Principal Data Engineer
Work Location: Bangalore
Reports To: Head of Data Science and Engineering
Rapido is India’s largest bike taxi player focused on solving the first and last mile connectivity problem for India. The primary focus is mobility and changing all facets of mobility across India.
We believe that 2 Wheeler are the right mode of transport for developing countries like India and have much more scope than 4 wheelers, which is also reflected in the fact that the number of 2 wheelers is significantly more than the number of 4-wheelers.
We have operations in close to 100 cities and are the undisputed market leader in this space. Growing close to 500% year-on-year, we have ambitious targets set for ourselves in the future as well.
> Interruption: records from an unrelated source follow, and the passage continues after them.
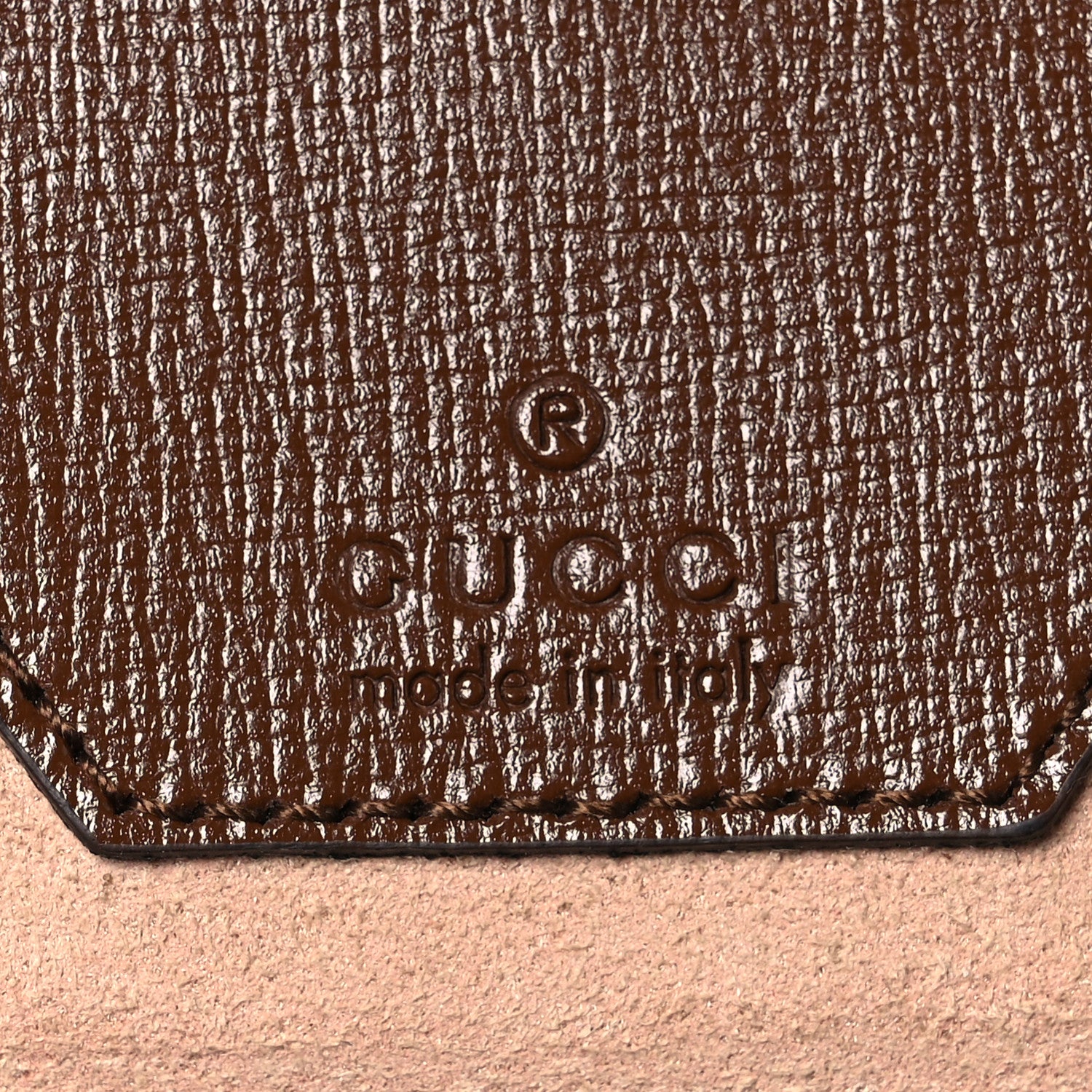 Gucci GG Supreme Monogram Azalea Calfskin Web Small Horsebit 1955 Crossbody Bag Beige Ebony Brown Sugar 6 of 11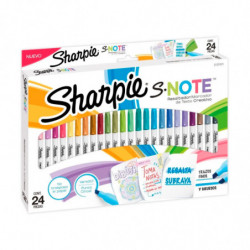 Marcador | Resaltador Sharpie S-Note de 24 colores
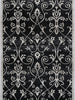 Oporto Rizhao Black & Cream Contemporary Soft Rug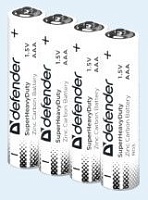 Батарейки BL4 DEFENDER Батарейка солевая R03-4S AAA, Zinc (цинк) 4 шт (цена за 4 шт.)
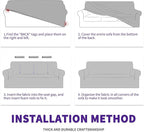 ZNSAYOTX Stretch Oversized Couch Cover Universal Sofa Covers - Image 9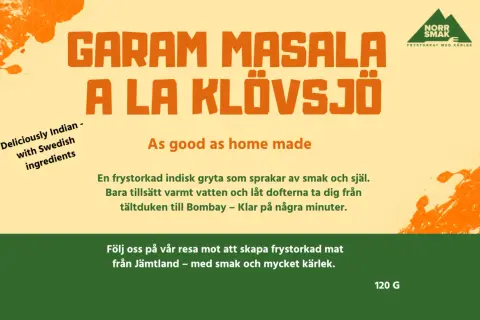 Garam Masala A La Klövsjö: en frystorkad indisk gryta med svenska ingredienser. Ett snabbt och smakrikt masala recept.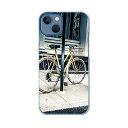 iphone14 6.1インチ tpu 各キャリア共通 スマホ カバー ケース スマホケース スマホカバー TPU ソフトケース 010828 自転車 写真 黄色
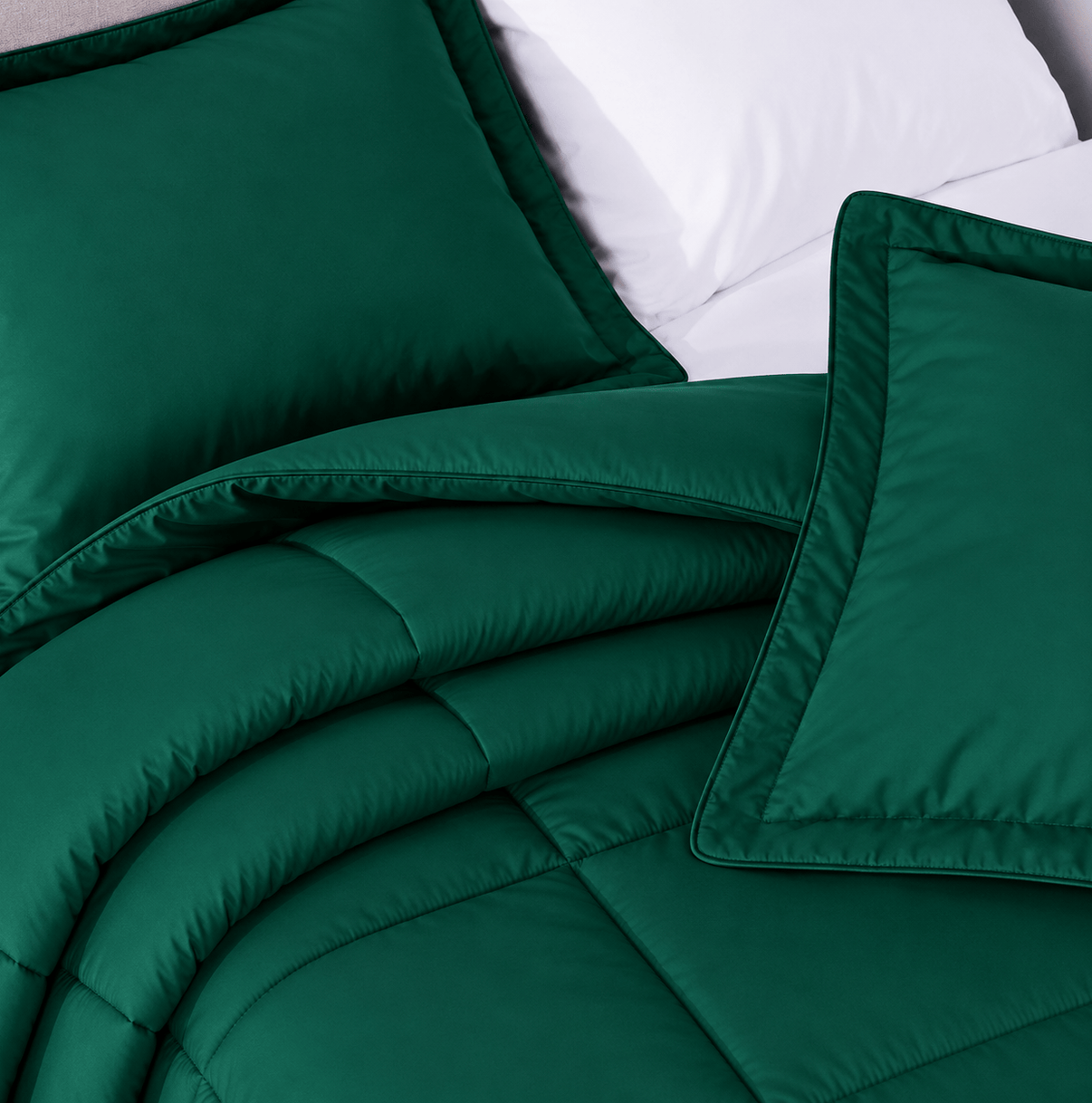 Emerald Green Oversized Comforter Set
Role and Responsibilities:
- Architect complex data driven systems involving multiple realtime and batch touchpoints
- Creating complex data processing pipelines, as part of diverse, high energy teams
- Designing scalable implementations of the models developed by our Data Scientists
- Being able to deploy models in real-time applications either as part of a microservice(HTTP or RPC) with bounded context or as realtime pipelines producing events in response to user actions on ground
- Hands-on programming based on TDD, usually in a pair programming environment
- Deploying data pipelines in production based on Continuous Delivery practices.
- Able to build and operate Data Pipelines, Build and operate Data Storage, Is familiar with Infrastructure definition and automation in this context. Is aware of adjacent technologies to the ones they have worked on. Good understanding of Data Modelling.
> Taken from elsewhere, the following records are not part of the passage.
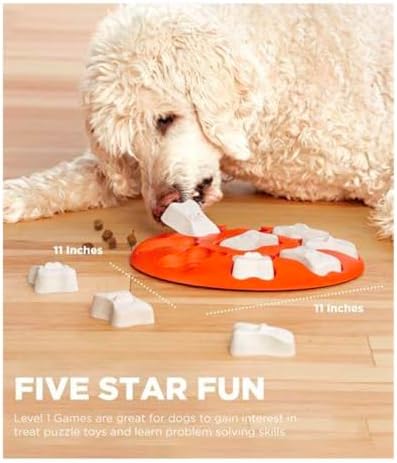 Interactive Dog and Cat Games Treat Hiding Challenge Mental Stimulation with Rewards (11 Inch Smart Game)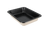 Sugar cane menu tray 227x178x44mm 1compartment black CPET 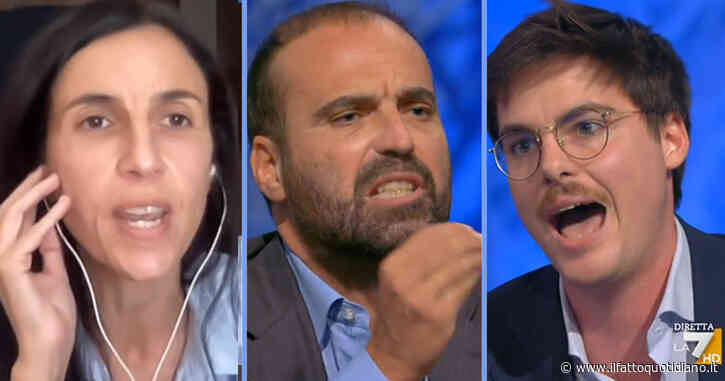 Marattin litiga con Mannocchi, poi insulta Romano: “Propagandista ignorante”. Ma sbaglia la risoluzione Onu: la gaffe su La7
- Involve in building and deploying large scale data processing pipelines in a production environment.
- Experience building data pipelines and data centric applications using distributed storage solutions(including and not limited to HDFS like storage, Elasticsearch, Mongo, Kafka, Postgres/Mysql etc)
EXPERTISE AND QUALIFICATIONS
- Experience in architecting complex data processing systems including and not limited to Data platform, Experiment Platform, Analytics/BI Platform
- Experience in HDFS, S3, NoSql Databases and distributed platforms like Hadoop, Spark, Flink, Hive, Kafka, Oozie, Airflow, Elasticsearch etc.
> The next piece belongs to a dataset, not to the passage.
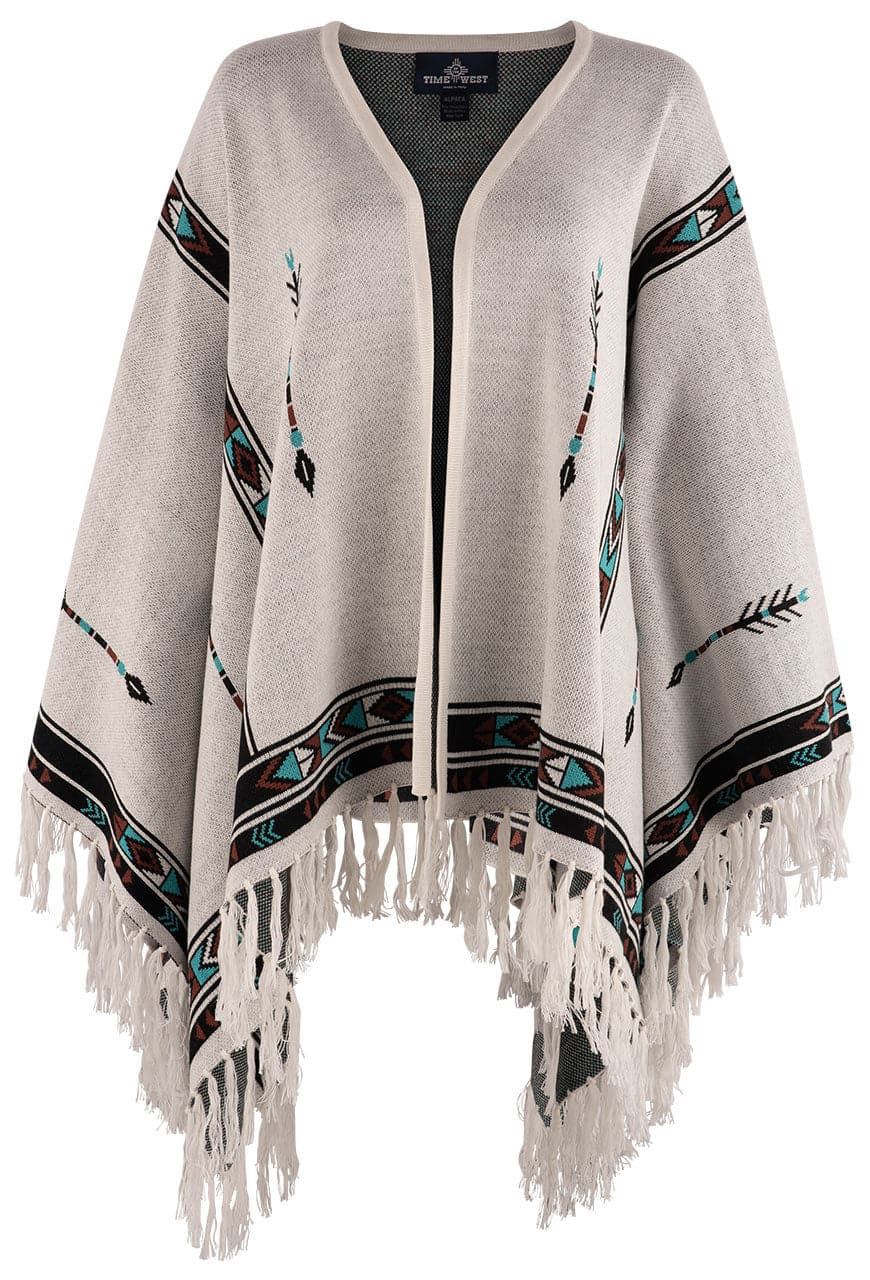 Time of the West Headdress Alpaca Shawl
- Experience in any of MapR, Cloudera, and HortonWorks and/ or cloud based Hadoop Distributions(GCP preferred).
- Experience in architecting and building data centric applications involving statistical methods and ML models
Functional / Behavioural Competencies:
- Excellent understanding of technology landscape
- Is able to zoom in to details and zoom out to see big picture
- Learning ability: Applies theoretical knowledge to practice
- Focus on excellence
- Mentoring team mates. Will have to closely mentor tech leads in data engineering
Education & Experiences:
- B. Tech, M. Tech (in Computer Sciences preferred)
- Around 7+ years of experience. Minimum of 4+ years as a tech lead or equivalent in Data engineering space
- Round 1 – Technical Discussion 1
- Round 2 – Technical Discussion 2
- Round 3 - Leadership discussion
- Round 4 – HR Round
WHY SHOULD YOU JOIN RAPIDO
We've scaled 10x within 1 year and currently doing 3.5+ Lakh orders per day. Our growth outshines our goals and we want you to be a part of the growth solving fundamental mobility problems for India. You can be part of the team that is helping daily commuters with economic and quicker rides. At Rapido, we take our work seriously and are proud of the associations we have built along the way. But then, we also know how to have fun. With a seamless communication structure and a “no cubicle culture”, the people here are extremely approachable. You will have several opportunities to exercise your potential, you won't be disappointed. We break the regular office monotony and believe in free-flowing work culture.